Pour la CFDT la portée du texte et son ampleur ne nous permet pas de réaliser un travail approfondi d’amendements dans un délai aussi court.
Le ministre nous indique que l’absence d’amendements déposés n’aura pas de conséquences « politiques » étant donné que le texte pourra encore évoluer avant le conseil des ministres du 24 janvier, avant la présentation devant le Parlement début février et au cours du débat parlementaire proprement dit. Nos revendications pourront être prises en considération à chacune de ces étapes.
Sur la pénibilité
La CFDT a été écoutée avec attention par nos interlocuteurs, nous avons réitéré nos revendications :
- Ouverture possible pour tous les agents concernés, d’un compte pénibilité dans le Compte Personnel d’Activité. Tous les agents doivent être « couvrables ».

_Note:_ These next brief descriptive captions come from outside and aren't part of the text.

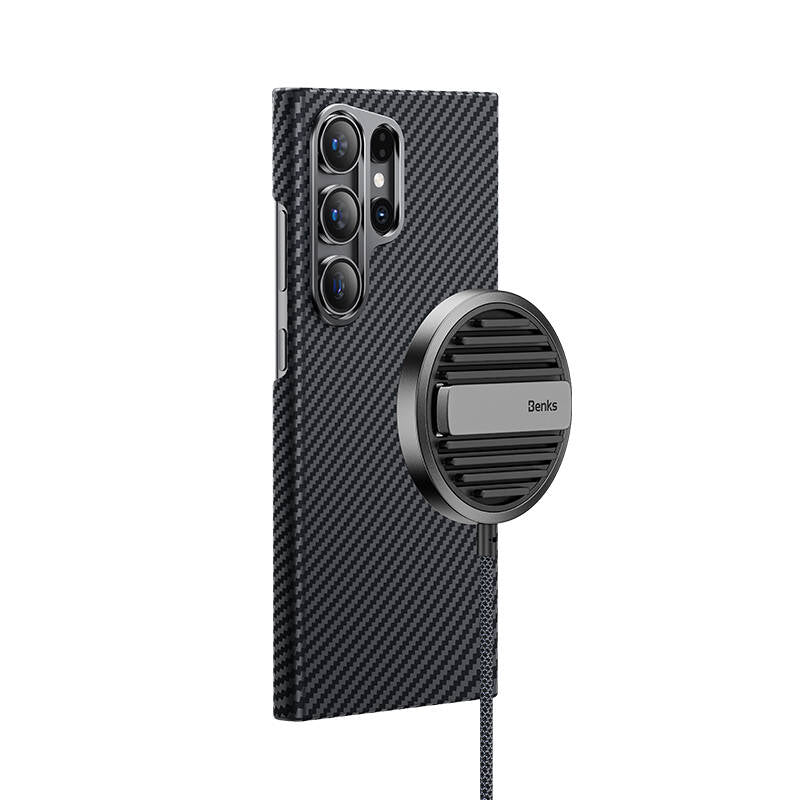 Galaxy S24 Ultra Kılıf Magsafe Özellikli Karbon Fiber Benks Essential Hybrid ArmorAir 600D Kevlar Kapak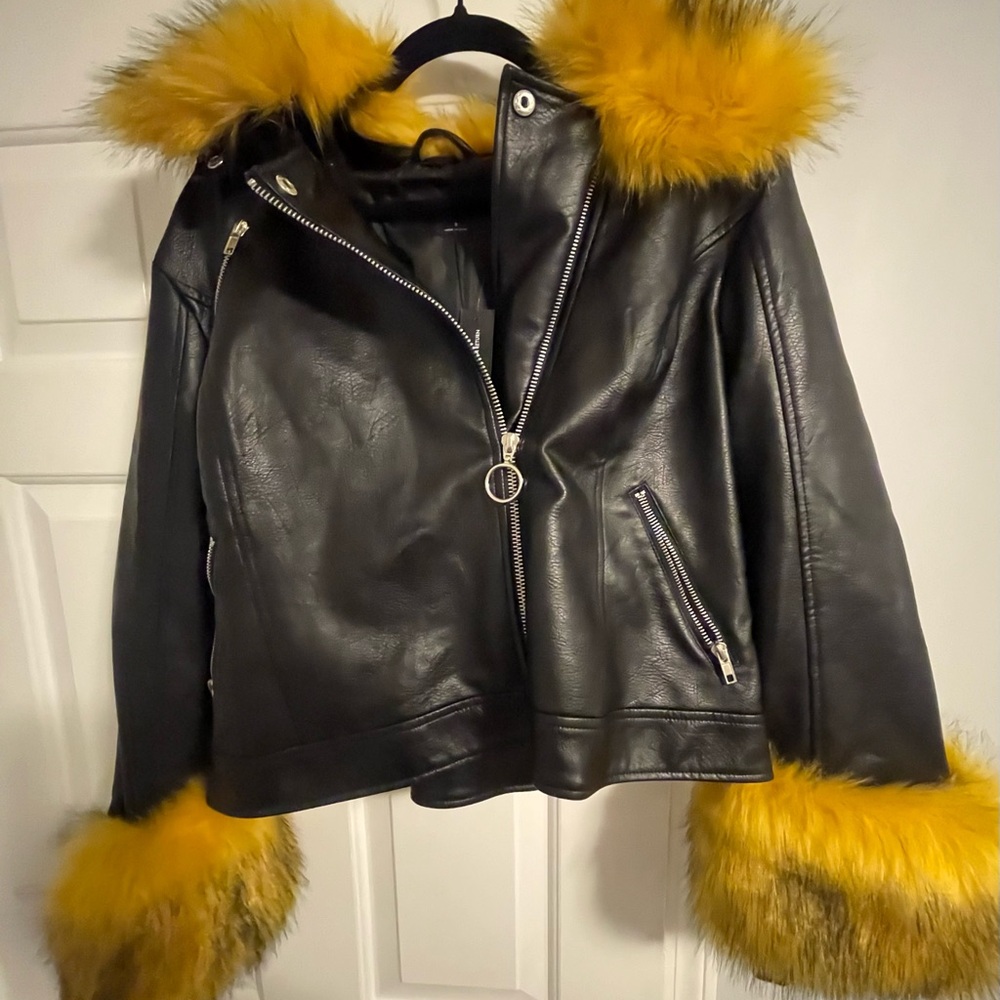Black Faux Leather Jacket with Yellow Faux Fur Accents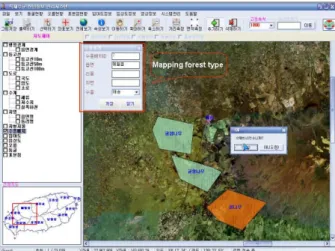 Fig.  10  shows  the  interface  for  mapping  forest  arrangement  so  that  forest  officers  could  establish  and  make a forest arrangement map
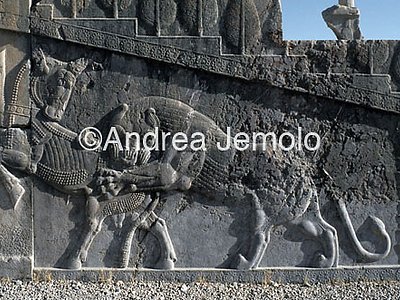 Apadana - Sala delle udienze - scala settentrionale Leone che azzanna un toro | Andrea Jemolo
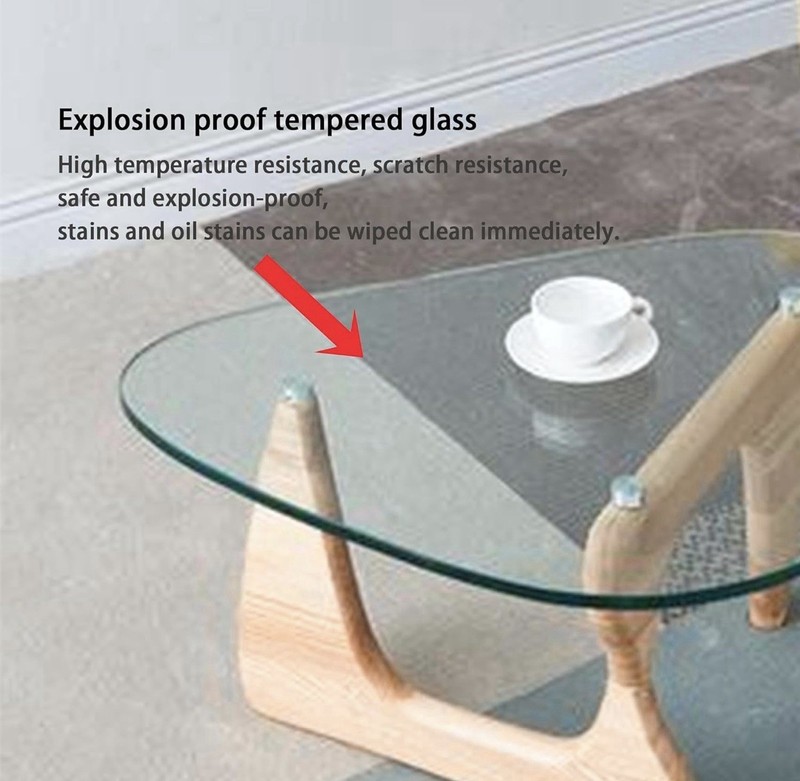 Modern Glass Coffee Table, Abstract Round Table Glass, 32.68 gallery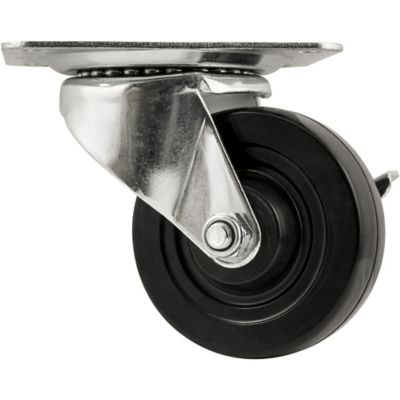 Waxman 4 in. 300 lb. Capacity Titan Heavy-duty Rubber Plate Caster, Brake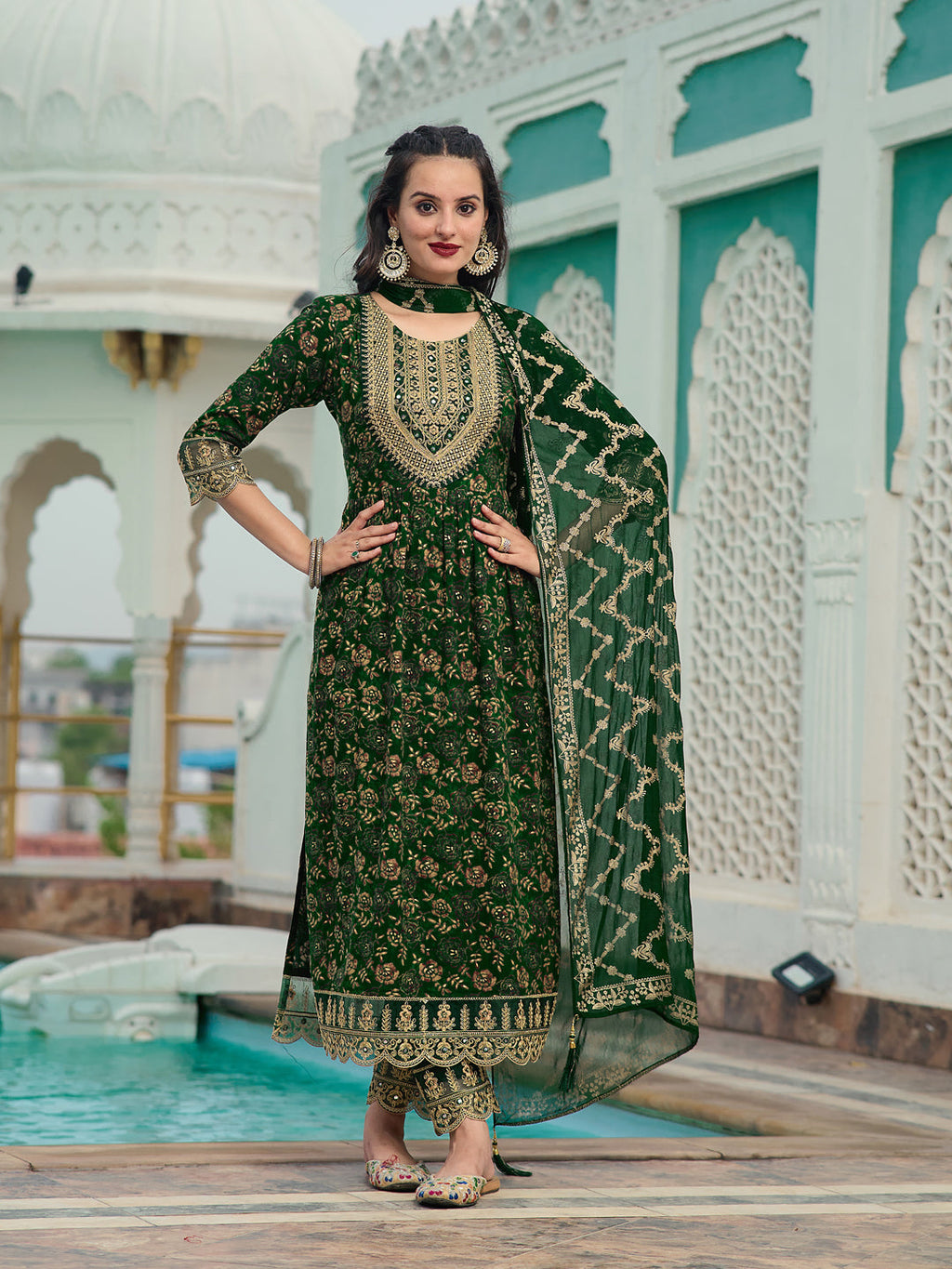 Nyra Cut Embroidered & Floral Printed Kurta With Pant & Foil Print Dupatta, Green - Hiral Fashion | Grocsy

- Réintégration des 4 critères retirés en 2017 du C3P (postures pénibles, port de charges lourdes, vibrations et risques chimiques).
- Reconnaissance du caractère universel du dispositif qui devra concerner tous les agents exposés, sans référence à des corps, des statuts ou des cadres d’emplois ; ni à des catégories ou tailles d’employeurs.
- Nécessité de revoir les seuils d’exposition sur chacun des critères.
Nous avons soulevé d’autres questions importantes :
- La prise en compte des temps partiels ou temps non-complets pour l’entrée dans le champ du dispositif (adapter les seuils en conséquence)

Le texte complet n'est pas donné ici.